From f9494d978ab82b9b790ae59e49ebcf4330281b09 Mon Sep 17 00:00:00 2001
From: Angazenn <92204292+Angazenn@users.noreply.github.com>
Date: Thu, 6 Nov 2025 23:08:57 +0800
Subject: [PATCH] [cherry-pick][v0.11.0-dev][bugfix] Fix a rare bug triggered
 by _npu_paged_attention in FULL_DECODE_ONLY mode (#3987)
MIME-Version: 1.0
Content-Type: text/plain; charset=UTF-8
Content-Transfer-Encoding: 8bit

### What this PR does / why we need it?
This is cherry-pick from #3986 .

This PR fixes a bug where the workspace of `_npu_paged_attention` in
setup is smaller than execution. For current implementation of
FULL_DECODE_ONLY with `_npu_paged_attention`, we use
`_npu_paged_attention_get_workspace` when capturing with `max_model_len`
as `seq_lens`. This assumes that PA with larger `seq_lens` inputs should
have larger workspace than smaller `seq_lens`. However, there are rare
cases where PA with smaller `seq_lens` incurs larger space. So I add
`get_workspace` directly into `update_attn_params`.
This change might introduce slight(≈1%) performance degradation for
small num_tokens(such as 1) in decode phase, and there is no other known
memory issues. So I think this change is acceptable.
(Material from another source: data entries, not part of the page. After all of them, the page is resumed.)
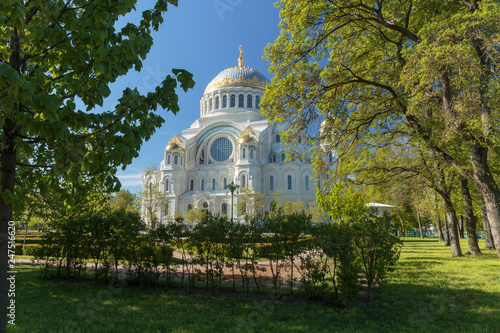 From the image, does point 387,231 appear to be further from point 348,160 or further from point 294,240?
point 348,160

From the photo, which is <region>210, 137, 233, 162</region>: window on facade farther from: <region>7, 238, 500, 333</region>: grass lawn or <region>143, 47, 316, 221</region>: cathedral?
<region>7, 238, 500, 333</region>: grass lawn

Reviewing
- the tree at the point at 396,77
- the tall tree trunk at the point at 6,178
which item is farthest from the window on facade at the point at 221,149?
the tall tree trunk at the point at 6,178

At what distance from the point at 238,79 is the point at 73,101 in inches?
2147

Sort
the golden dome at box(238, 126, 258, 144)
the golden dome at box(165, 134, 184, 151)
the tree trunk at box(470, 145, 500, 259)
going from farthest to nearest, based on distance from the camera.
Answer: the golden dome at box(165, 134, 184, 151) → the golden dome at box(238, 126, 258, 144) → the tree trunk at box(470, 145, 500, 259)

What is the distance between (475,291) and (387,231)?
3.00 m

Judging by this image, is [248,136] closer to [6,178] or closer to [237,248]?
[237,248]

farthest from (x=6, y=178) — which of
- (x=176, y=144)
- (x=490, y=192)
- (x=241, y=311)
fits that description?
(x=176, y=144)

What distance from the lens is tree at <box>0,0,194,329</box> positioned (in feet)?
8.70

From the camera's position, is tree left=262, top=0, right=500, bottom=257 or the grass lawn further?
tree left=262, top=0, right=500, bottom=257

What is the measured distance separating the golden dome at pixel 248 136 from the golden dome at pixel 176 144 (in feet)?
31.3

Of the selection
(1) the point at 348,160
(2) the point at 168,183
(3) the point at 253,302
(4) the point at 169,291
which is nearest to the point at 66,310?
(4) the point at 169,291

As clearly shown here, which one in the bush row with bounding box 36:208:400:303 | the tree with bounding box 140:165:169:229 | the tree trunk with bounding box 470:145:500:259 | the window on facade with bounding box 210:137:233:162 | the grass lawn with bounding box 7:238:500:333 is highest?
the window on facade with bounding box 210:137:233:162

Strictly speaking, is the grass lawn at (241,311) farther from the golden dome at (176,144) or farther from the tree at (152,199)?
the golden dome at (176,144)

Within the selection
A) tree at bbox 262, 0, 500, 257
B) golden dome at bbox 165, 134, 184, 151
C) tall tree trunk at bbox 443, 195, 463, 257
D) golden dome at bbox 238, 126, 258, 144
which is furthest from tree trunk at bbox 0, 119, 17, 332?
golden dome at bbox 165, 134, 184, 151
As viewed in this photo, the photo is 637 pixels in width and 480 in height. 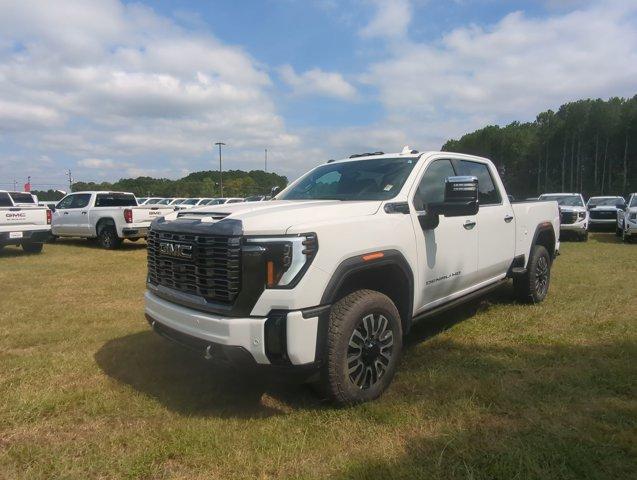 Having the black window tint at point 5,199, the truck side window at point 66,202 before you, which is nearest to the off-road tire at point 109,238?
the truck side window at point 66,202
We can remove this
if new attention op (such as `npu_fused_infer_attention_score`) does not
have such problems.


Signed-off-by: Angazenn <supperccell@163.com>
---
 vllm_ascend/compilation/acl_graph.py | 40 ++++++++++++++++++++--------
 1 file changed, 29 insertions(+), 11 deletions(-)
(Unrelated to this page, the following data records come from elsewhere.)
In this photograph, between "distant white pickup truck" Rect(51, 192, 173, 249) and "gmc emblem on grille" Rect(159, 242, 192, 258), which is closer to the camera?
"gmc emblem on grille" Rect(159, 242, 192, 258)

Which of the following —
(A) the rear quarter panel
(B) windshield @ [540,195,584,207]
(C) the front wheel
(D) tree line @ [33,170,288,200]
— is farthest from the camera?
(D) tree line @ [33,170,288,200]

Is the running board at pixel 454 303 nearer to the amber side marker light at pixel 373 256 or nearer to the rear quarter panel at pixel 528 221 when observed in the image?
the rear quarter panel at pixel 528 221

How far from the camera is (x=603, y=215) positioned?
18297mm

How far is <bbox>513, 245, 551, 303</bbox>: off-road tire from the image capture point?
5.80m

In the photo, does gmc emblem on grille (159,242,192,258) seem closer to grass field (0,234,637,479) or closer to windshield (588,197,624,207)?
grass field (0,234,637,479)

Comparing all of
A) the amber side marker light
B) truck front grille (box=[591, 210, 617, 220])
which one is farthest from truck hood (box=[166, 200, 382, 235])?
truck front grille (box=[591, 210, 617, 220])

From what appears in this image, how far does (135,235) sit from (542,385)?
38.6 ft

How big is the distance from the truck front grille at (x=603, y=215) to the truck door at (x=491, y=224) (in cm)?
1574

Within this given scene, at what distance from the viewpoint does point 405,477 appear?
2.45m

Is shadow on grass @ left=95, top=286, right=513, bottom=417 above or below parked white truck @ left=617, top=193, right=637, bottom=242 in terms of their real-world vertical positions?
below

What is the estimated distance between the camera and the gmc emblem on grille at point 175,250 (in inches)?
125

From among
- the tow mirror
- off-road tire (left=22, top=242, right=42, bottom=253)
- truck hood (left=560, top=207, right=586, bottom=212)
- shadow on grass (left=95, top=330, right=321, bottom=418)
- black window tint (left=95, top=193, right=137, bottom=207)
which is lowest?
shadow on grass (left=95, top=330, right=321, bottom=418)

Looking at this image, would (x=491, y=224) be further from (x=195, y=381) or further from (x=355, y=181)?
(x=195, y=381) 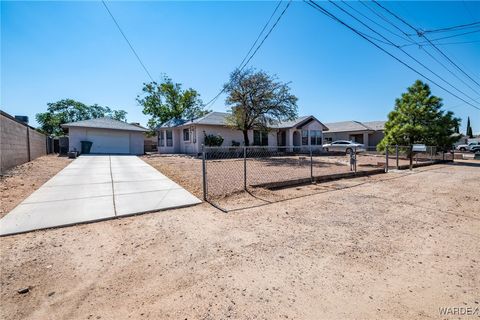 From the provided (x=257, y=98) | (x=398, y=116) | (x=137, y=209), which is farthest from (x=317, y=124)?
(x=137, y=209)

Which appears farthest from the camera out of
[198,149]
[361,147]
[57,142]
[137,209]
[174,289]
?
[361,147]

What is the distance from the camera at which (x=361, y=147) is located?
26.0m

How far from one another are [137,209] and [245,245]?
112 inches

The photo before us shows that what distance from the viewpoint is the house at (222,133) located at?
20.5m

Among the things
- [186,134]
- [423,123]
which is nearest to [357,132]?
[423,123]

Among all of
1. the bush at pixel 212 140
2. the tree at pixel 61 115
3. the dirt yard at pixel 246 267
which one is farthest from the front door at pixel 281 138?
the tree at pixel 61 115

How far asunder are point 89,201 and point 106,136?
769 inches

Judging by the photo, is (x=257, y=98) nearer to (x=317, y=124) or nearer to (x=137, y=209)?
(x=317, y=124)

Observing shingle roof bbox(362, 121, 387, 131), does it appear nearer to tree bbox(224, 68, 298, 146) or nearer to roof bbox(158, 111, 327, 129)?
roof bbox(158, 111, 327, 129)

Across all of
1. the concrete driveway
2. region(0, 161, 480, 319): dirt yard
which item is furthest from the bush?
region(0, 161, 480, 319): dirt yard

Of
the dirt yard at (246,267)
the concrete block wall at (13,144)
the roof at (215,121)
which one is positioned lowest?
the dirt yard at (246,267)

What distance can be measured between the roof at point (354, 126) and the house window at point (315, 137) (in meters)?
8.58

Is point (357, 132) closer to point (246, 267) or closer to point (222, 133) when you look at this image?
point (222, 133)

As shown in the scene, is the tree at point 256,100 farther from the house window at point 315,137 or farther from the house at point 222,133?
the house window at point 315,137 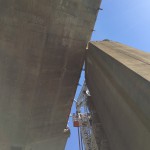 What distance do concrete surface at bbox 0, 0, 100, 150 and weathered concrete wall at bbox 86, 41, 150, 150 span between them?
5.21ft

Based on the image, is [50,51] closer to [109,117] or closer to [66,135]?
[109,117]

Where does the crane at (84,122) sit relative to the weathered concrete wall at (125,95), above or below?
below

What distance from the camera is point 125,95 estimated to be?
8219 millimetres

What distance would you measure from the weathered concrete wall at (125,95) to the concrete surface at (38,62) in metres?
1.59

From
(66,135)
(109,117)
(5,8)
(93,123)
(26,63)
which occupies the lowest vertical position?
(66,135)

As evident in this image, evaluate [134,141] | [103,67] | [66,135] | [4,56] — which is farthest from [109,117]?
[66,135]

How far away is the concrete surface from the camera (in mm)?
11852

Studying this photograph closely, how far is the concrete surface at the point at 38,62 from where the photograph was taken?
38.9 ft

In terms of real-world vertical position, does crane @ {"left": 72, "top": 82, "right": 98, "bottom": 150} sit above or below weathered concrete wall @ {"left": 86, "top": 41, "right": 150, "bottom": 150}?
below

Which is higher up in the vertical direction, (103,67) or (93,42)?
(93,42)

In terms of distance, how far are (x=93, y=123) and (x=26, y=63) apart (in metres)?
5.04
diff --git a/vllm_ascend/compilation/acl_graph.py b/vllm_ascend/compilation/acl_graph.py
index f2cab32..d3e779e 100644
--- a/vllm_ascend/compilation/acl_graph.py
+++ b/vllm_ascend/compilation/acl_graph.py
@@ -212,19 +212,37 @@ def update_attn_params(update_stream, forward_context, runtime_shape):
         ) = param
         seq_lens = forward_context.attn_metadata[key].seq_lens
 
+        # When using FULL_DECODE_ONLY, there are some rare bugs for FULL_DECODE_ONLY
+        # mode with GQA. This is triggered by getting workspace for _npu_paged_attention
+        # in torch_npu. On some rare cases, _npu_paged_attention with smaller seq_lens
+        # might encounter a bigger workspace, while currently we use max_model_len to
+        # calculate max workspace in capturing. So additional get_workspace is added
+        # here to avoid such bugs.
+        # TODO(Angazenn): we will remove this once _npu_paged_attention is fully
+        # replaced by npu_fused_infer_attention_score which does not contain such bugs.
+        workspace = torch_npu._npu_paged_attention_get_workspace(
+            query=query,
+            key_cache=key_cache,
+            value_cache=value_cache,
+            num_kv_heads=num_kv_heads,
+            num_heads=num_heads,
+            scale_value=scale,
+            block_table=block_table,
+            context_lens=seq_lens,
+            out=output)
+
         with torch.npu.stream(update_stream):
             torch.npu.graph_task_update_begin(update_stream, handle)
-            torch_npu._npu_paged_attention(
-                query=query,
-                key_cache=key_cache,
-                value_cache=value_cache,
-                num_kv_heads=num_kv_heads,
-                num_heads=num_heads,
-                scale_value=scale,
-                block_table=block_table,
-                context_lens=seq_lens,
-                out=output,
-                workspace=graph_params.workspaces.get(runtime_shape))
+            torch_npu._npu_paged_attention(query=query,
+                                           key_cache=key_cache,
+                                           value_cache=value_cache,
+                                           num_kv_heads=num_kv_heads,
+                                           num_heads=num_heads,
+                                           scale_value=scale,
+                                           block_table=block_table,
+                                           context_lens=seq_lens,
+                                           out=output,
+                                           workspace=workspace)
             torch.npu.graph_task_update_end(update_stream)
 
             event.record(update_stream)